Dramatic calls for help: victims report via mobile phones and social media

Major earthquake in Turkey
Dramatic calls for help: victims report via mobile phones and social media

Rescue workers remove an earthquake victim on a stretcher from a collapsed building in the Turkish city of Adana

© DPA

Hundreds, maybe even thousands of people have been buried under collapsed houses and buildings after the earthquake in Turkey. Many who are still alive are using their cellphones to call for help on social media.

The severe earthquake in south-eastern Turkey and northern Syria will probably end up claiming thousands of lives. The rescue measures are running at full speed, international help has been promised. The images from the region around the Turkish cities of Gaziantep and Kahramanmaraş, where the epicenter of the earthquake was, and Aleppo in Syria are dramatic. Photos and videos sometimes show whole streets in ruins.

It’s a race against time for the rescuers to rescue survivors alive from under the rubble of collapsed houses and buildings. Victims apparently send calls for help on their cell phones on social media in order to be found and located, and numerous users continue to spread the calls for help.

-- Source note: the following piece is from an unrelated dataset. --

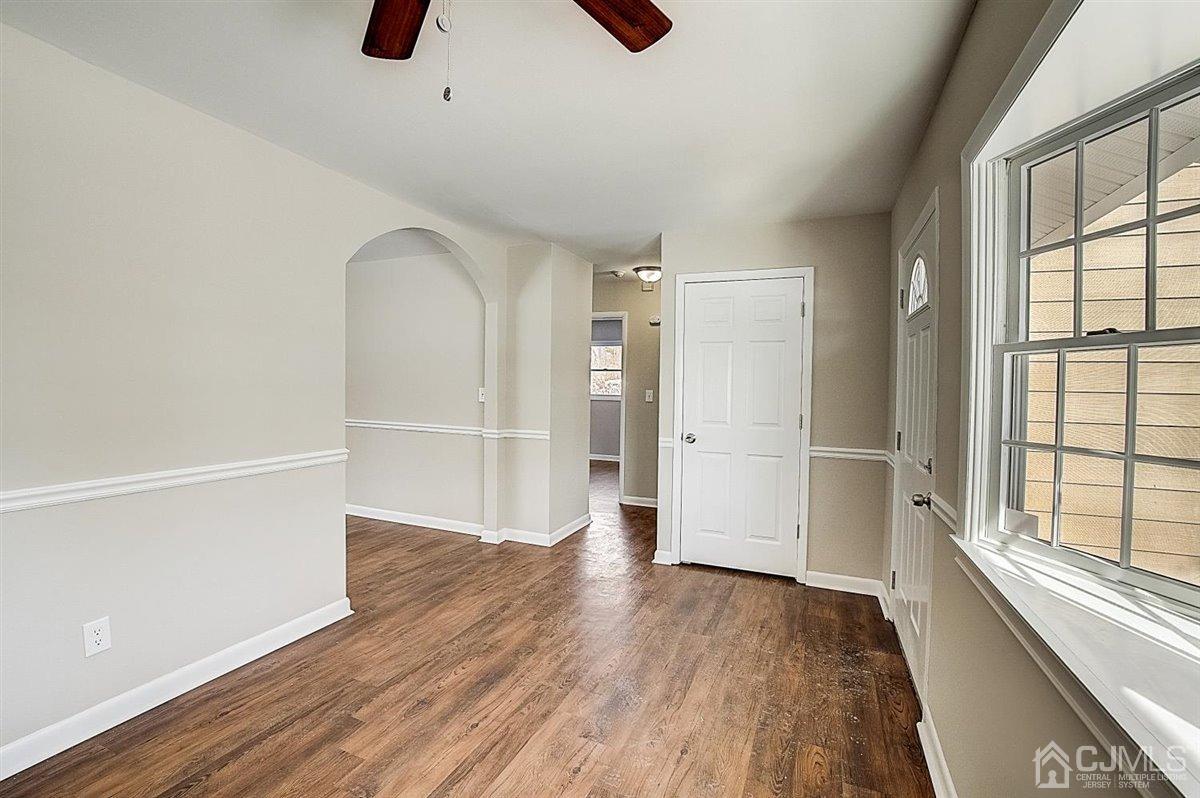 17 Cambridge Road Kendall Park, NJ 08824 - Photo 7 of 28 a view of an empty room with wooden floor and a window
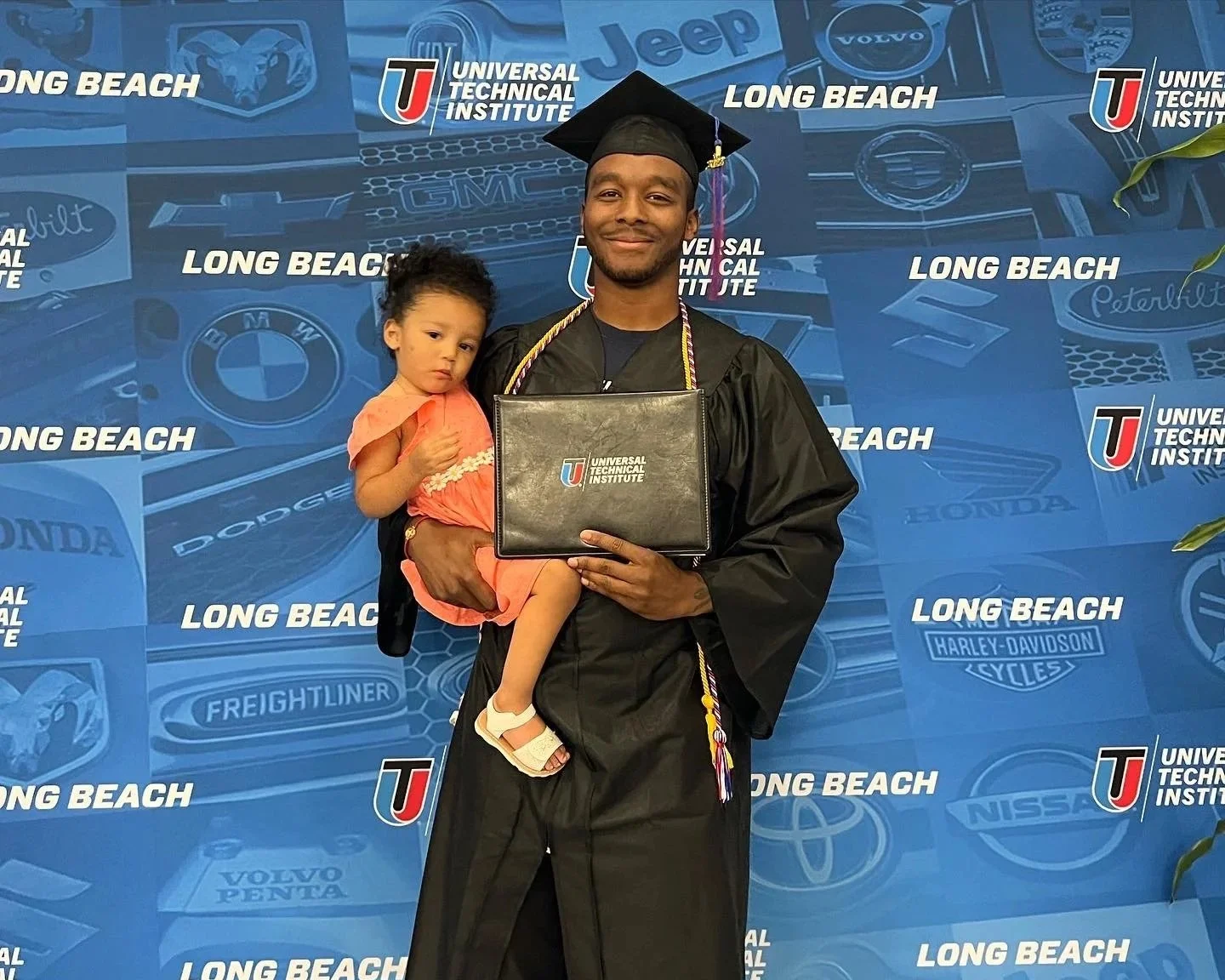 A young man in a graduation gown and cap, holding a diploma, standing next to a young girl in a pink dress. They are in front of a blue backdrop with logos and the words 'Universal Technical Institute' and 'Long Beach.'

Dramatic images under rubble

Turkish rock musician Haluk Levent shared the call for help from a woman from the city of Antakya in Hatay province on Twitter. The woman named was buried under rubble, as a photo suggests. Under her cry for help she writes: “Save me!”. She also presumably made two videos showing other buried people who survived.

In order not to jeopardize calls for help, the authorities asked the people in Turkey to make phone calls online and not via the mobile phone network because of the communication bottlenecks, so that those who were buried can be reached first. The temperatures in the affected areas are currently often in the minus range. In some places it snowed heavily. Everywhere in the disaster area, rescue workers sometimes searched the rubble with their bare hands for people who were buried, as pictures show.

Search partly with bare hands

“Seven members of my family are still under the rubble,” survivor Muhittin Orakci told AFP in Diyarbakir. In the city alone, which is mostly inhabited by Kurds, around 200 people are believed to be buried under the rubble of a collapsed building, a representative of the rescue teams told the Turkish broadcaster NTV.

The situation in northern Syria is similarly dramatic. There, too, buildings collapsed in numerous cities. Rescue teams tried to pull people out of the rubble throughout the night and dawn and the death toll is rising every hour.